Periodic Reporting for period 4 - ReservoirDOCs (The evolutionary dynamics of pathogen emergence and establishment: from Reservoir Detection to Outbreak Control)
Reporting period: 2022-02-01 to 2023-07-31
In this project, we aimed to unravel crucial steps in the emergence and establishment of key viral pathogens. We scrutinised the reservoir dynamics of HCV by sequencing complete hepacivirus genomes from infected samples emerging from a large-scale screening of African rodents, and analyzed the cross-species transmission history using novel evolutionary methods. To test hypotheses about the early establishment of HIV-1, we carved a genomic window into the past epidemic history of the virus by integrating molecular work on archival samples from Central Africa and on samples representative of the current HIV-1 diversity, using population dynamic models that incorporate epidemiological information. Finally, we took the Ebola epidemic in West Africa as a model to develop high-performance statistical approaches for extracting practical and timely epidemiological information from virus genome sequences during epidemics as they unfold. We further complemented these approaches with state-of-the-art visualisation tools.
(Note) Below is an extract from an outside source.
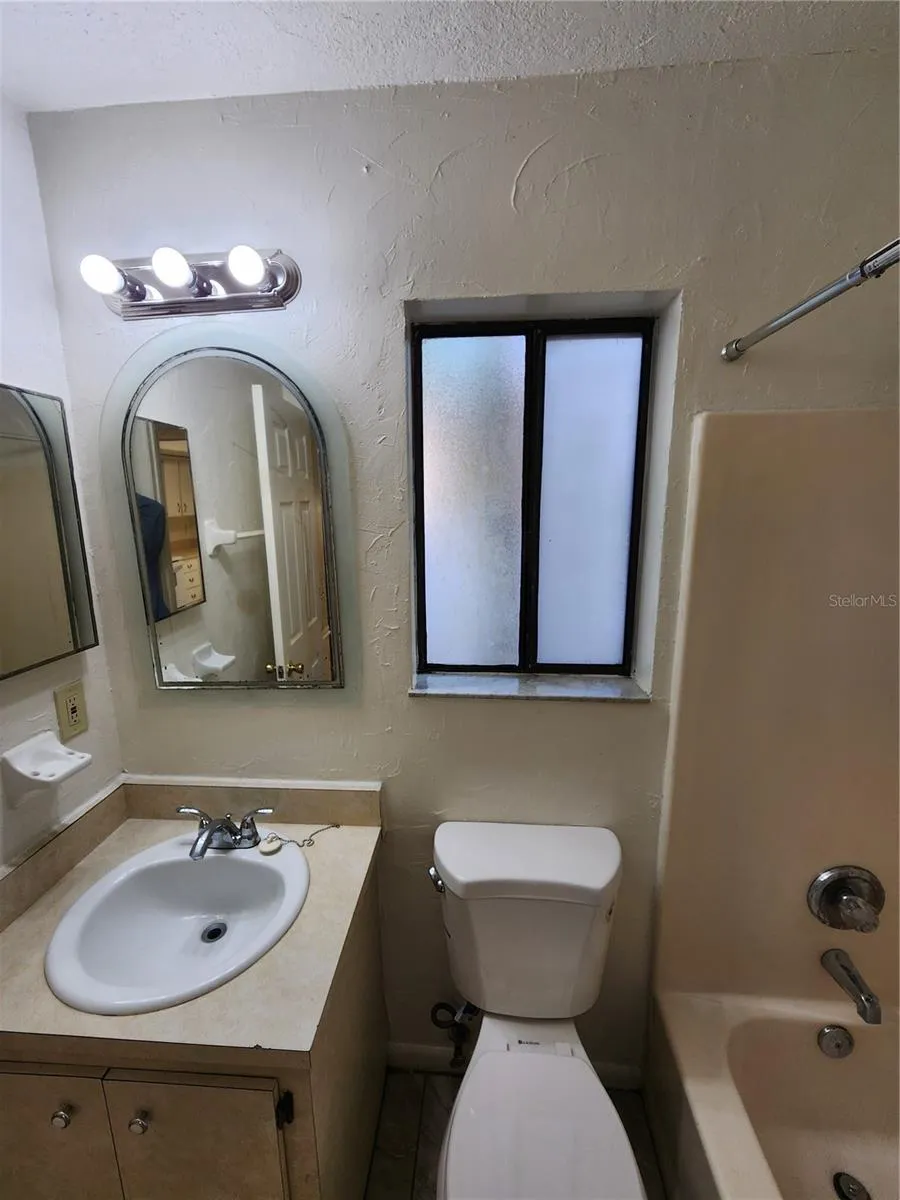 2018 SW 70TH TERRACE Gainesville, FL 32607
We have developed and implemented sensitive protocols for successful recovery of HIV-1 sequences from archival samples, including both formalin-fixed paraffin-embedded samples and serum samples. We have screened such samples and have obtained genomic data from serum samples from the Democratic Republic of Congo (DRC). Analysis of this data allows characterizing the extensive HIV-1 group M diversity.
In terms of computational developments, we have developed an epoch model for codon substitution processes that allows time-dependent variation in both the overall substitution rate as well as the non-synonymous/synonymous substitution rate ratio (https://doi.org/10.1093/molbev/msz094). We have developed a novel mixed-effects molecular clock model in order to tackle the problem of heterotachy, which has been shown to lead to inconsistencies in estimating the age of HIV-1 subtypes (https://doi.org/10.1093/ve/vez036). We have extended our earlier developments in integrating covariates in non-parametric coalescent models by implementing such an approach in the context of a study on a Yellow Fever virus outbreak in Brazil (10.1126/science.aat7115). All these developments are being made available in the popular BEAST framework. We have worked on general improvements of the BEAST architecture to support these methods (10.1093/ve/vey016) and released a new version of the BEAGLE library (10.1093/sysbio/syz020) to make computations more efficient. Finally, we have developed a real-time version of our BEAST framework to support evolutionary analyses in unfolding epidemics (10.1093/molbev/msaa047) and we have designed new visualization tools for the estimates that are being produced by such an approach. These tools have been widely applied during the COVID-19 pandemic to track the spread of SARS-CoV-2.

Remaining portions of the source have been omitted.